Meier, F., Beck, S., Grassl, N., Lubeck, M., Park, M. A., Raether, O., et al. (2015). Parallel Accumulation-Serial Fragmentation (PASEF): Multiplying Sequencing Speed and Sensitivity by Synchronized Scans in a Trapped Ion Mobility Device. JOURNAL OF PROTEOME RESEARCH, 14(12), 5378-5387. doi:10.1021/acs.jproteome.5b00932.
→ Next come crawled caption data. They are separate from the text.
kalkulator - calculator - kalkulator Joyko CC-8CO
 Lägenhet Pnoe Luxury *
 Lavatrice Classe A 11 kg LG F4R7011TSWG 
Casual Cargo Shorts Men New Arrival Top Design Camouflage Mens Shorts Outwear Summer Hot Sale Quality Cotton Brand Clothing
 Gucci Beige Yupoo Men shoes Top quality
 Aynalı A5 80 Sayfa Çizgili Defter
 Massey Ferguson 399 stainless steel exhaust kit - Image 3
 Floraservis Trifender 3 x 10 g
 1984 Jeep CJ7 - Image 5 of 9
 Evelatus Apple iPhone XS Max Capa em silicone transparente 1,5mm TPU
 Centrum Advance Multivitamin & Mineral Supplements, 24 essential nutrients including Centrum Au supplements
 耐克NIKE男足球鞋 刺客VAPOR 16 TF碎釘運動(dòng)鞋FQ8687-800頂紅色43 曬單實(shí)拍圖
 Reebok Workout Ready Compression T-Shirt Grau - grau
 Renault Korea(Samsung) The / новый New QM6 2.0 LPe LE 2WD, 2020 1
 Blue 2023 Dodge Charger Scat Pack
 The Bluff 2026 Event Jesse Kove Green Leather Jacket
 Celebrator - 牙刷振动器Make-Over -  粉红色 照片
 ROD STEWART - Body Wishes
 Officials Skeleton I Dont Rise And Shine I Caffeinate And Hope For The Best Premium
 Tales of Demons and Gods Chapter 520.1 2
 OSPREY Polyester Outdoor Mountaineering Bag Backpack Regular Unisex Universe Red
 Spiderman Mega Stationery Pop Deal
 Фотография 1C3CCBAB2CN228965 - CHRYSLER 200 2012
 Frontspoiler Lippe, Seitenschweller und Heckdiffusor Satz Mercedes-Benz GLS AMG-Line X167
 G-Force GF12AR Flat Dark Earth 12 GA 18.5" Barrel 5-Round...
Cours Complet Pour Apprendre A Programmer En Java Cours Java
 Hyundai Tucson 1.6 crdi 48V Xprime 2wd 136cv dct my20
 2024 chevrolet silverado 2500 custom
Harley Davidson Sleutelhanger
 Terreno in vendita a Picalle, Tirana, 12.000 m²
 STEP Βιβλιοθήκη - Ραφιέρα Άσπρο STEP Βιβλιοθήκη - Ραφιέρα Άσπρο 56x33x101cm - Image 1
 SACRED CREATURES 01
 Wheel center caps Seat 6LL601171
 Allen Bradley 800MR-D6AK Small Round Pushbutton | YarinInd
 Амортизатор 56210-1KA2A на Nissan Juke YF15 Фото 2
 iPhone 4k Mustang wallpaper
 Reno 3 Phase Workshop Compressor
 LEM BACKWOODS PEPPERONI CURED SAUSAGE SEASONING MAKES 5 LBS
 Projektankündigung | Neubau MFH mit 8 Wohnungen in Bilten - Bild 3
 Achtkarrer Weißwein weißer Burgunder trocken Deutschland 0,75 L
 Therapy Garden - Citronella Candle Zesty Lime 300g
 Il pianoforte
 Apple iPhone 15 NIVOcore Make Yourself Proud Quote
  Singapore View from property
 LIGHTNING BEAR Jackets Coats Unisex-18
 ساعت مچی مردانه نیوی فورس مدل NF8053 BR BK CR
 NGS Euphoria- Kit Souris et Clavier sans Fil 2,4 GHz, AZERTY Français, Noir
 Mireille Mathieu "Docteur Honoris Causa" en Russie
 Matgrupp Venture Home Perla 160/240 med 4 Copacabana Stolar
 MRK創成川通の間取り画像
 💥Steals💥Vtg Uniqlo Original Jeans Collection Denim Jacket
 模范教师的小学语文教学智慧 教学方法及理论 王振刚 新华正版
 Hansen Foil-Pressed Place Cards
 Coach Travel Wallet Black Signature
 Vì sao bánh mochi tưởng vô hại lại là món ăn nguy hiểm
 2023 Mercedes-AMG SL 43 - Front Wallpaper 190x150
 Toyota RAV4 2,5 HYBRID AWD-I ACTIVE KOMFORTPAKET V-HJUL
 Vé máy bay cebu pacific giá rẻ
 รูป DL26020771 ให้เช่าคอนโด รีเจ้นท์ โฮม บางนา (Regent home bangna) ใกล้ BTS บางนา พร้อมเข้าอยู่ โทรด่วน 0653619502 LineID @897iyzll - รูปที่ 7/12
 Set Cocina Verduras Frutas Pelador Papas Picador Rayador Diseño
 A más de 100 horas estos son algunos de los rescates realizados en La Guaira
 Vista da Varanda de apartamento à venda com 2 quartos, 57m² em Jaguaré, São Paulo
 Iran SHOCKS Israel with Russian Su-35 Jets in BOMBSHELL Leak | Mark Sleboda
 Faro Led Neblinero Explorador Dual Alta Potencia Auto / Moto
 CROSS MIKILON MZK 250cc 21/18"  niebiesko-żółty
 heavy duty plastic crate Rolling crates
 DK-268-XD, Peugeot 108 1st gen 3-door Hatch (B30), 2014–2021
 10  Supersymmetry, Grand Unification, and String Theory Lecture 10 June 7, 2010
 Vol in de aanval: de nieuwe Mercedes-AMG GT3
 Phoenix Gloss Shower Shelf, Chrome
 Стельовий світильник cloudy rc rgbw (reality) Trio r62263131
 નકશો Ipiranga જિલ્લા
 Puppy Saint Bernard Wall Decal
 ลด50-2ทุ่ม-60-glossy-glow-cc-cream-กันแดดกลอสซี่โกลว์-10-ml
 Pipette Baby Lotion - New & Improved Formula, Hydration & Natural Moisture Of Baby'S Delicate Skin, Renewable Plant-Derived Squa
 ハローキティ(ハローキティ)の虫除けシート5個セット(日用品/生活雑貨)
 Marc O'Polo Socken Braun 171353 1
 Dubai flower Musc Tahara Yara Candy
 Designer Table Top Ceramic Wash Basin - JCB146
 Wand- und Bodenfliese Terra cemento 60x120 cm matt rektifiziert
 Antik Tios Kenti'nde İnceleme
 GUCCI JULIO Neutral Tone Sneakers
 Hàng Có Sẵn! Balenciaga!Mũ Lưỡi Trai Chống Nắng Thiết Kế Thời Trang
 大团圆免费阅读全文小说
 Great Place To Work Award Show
Zitierlink: https://hdl.handle.net/11858/00-001M-0000-0029-5A0F-E

Zusammenfassung

In liquid chromatography-mass spectrometry (LC-MS)-based proteomics, many precursors elute from the column simultaneously. In data-dependent analyses, these precursors are fragmented one at a time, whereas the others are discarded entirely. Here we employ trapped ion mobility spectrometry (TIMS) on an orthogonal quadrupole time-of-flight (QTOF) mass spectrometer to remove this limitation. In TIMS, all precursor ions are accumulated in parallel and released sequentially as a function of their ion mobility. Instead of selecting a single precursor mass with the quadrupole mass filter, we here implement synchronized scans in which the quadrupole is mass positioned with sub-millisecond switching times at the m/z values of appropriate precursors, such as those derived from a topN precursor list. We demonstrate serial selection and fragmentation of multiple precursors in single 50 ms TIMS scans. Parallel accumulation serial fragmentation (PASEF) enables hundreds of MS/MS events per second at full sensitivity. Modeling the effect of such synchronized scans for shotgun proteomics, we estimate that about a 10-fold gain in sequencing speed should be achievable by PASEF without a decrease in sensitivity.